To efficiently query and sort Elasticsearch results, this handler assumes each
log message has a field `log_id` consists of ti primary keys:
`log_id = {dag_id}-{task_id}-{execution_date}-{try_number}`
Log messages with specific log_id are sorted based on `offset`,
which is a unique integer indicates log message's order.
Timestamps here are unreliable because multiple log messages
might have the same timestamp.
.. py:attribute:: PAGE
:annotation: = 0
.. py:attribute:: MAX_LINE_PER_PAGE
:annotation: = 1000
.. py:attribute:: LOG_NAME
:annotation: = Elasticsearch
.. py:method:: es_read(self, log_id, offset, metadata)
Returns the logs matching log_id in Elasticsearch and next offset.
Returns '' if no log is found or there was an error.
:param log_id: the log_id of the log to read.
:param offset: the offset start to read log from.
:param metadata: log metadata, used for steaming log download.

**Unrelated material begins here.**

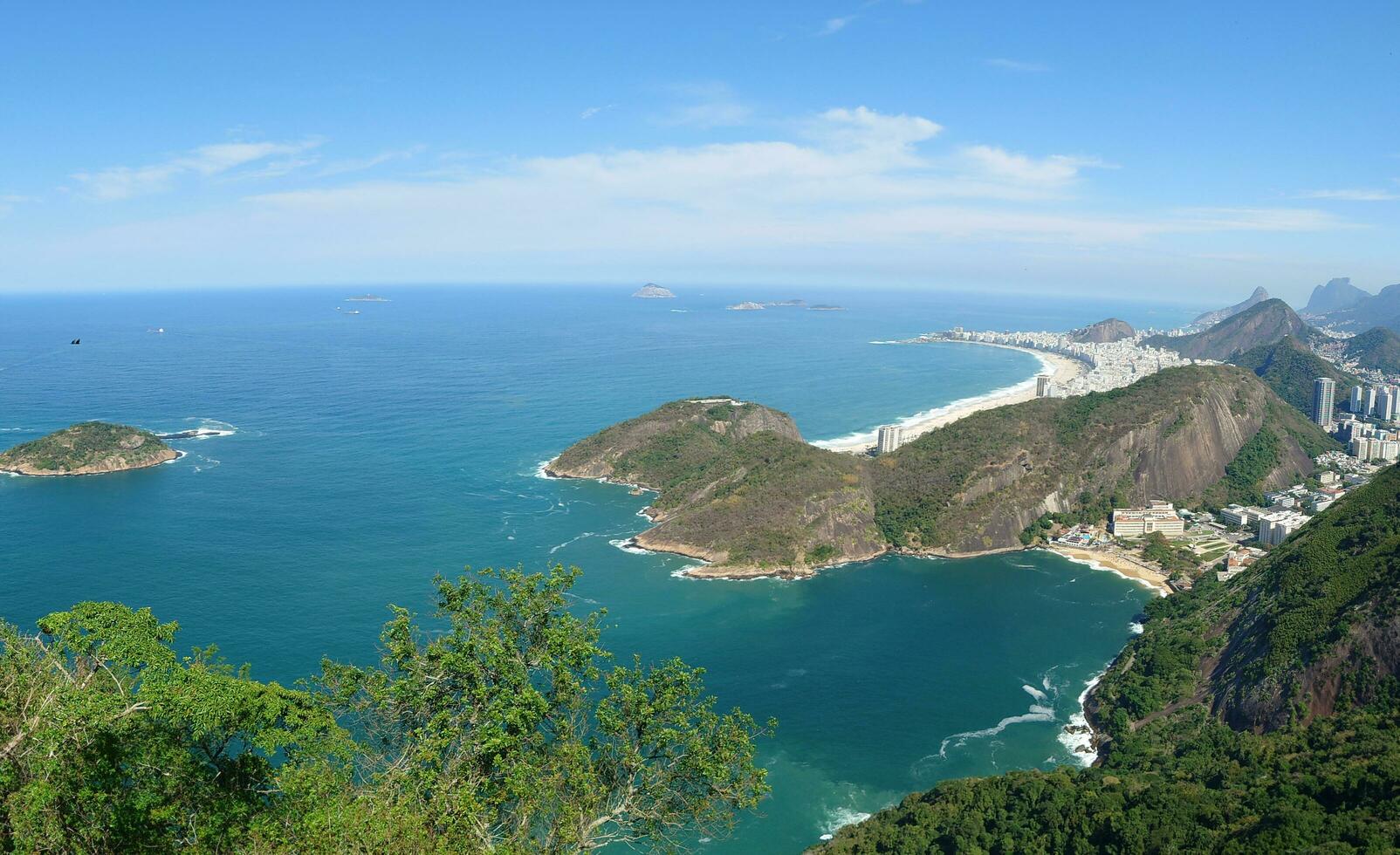 panorámico aéreo ver desde el parte superior de pan de Azucar montaña en el ciudad de rio Delaware janeiro foto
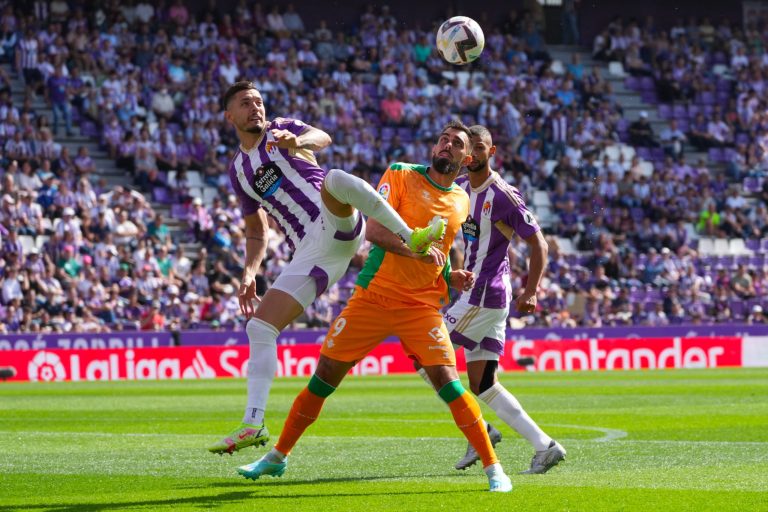 (VIDEO) Sin ‘Platita’ por lesión: Real Valladolid igualó sin goles ante el Real Betis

.. py:method:: emit(self, record)
Do whatever it takes to actually log the specified logging record.
This version is intended to be implemented by subclasses and so
raises a NotImplementedError.
.. py:method:: set_context(self, ti)
Provide task_instance context to airflow task handler.
:param ti: task instance object
.. py:method:: close(self)
Tidy up any resources used by the handler.
This version removes the handler from an internal map of handlers,
_handlers, which is used for handler lookup by name. Subclasses
should ensure that this gets called from overridden close()
methods.
.. py:method:: log_name(self)
:property:
The log name
.. py:method:: get_external_log_url(self, task_instance, try_number)
Creates an address for an external log collecting service.
:param task_instance: task instance object
:param try_number: task instance try_number to read logs from.
:return: URL to the external log collection service
:rtype: str
.. py:method:: supports_external_link(self)
:property:
Whether we can support external links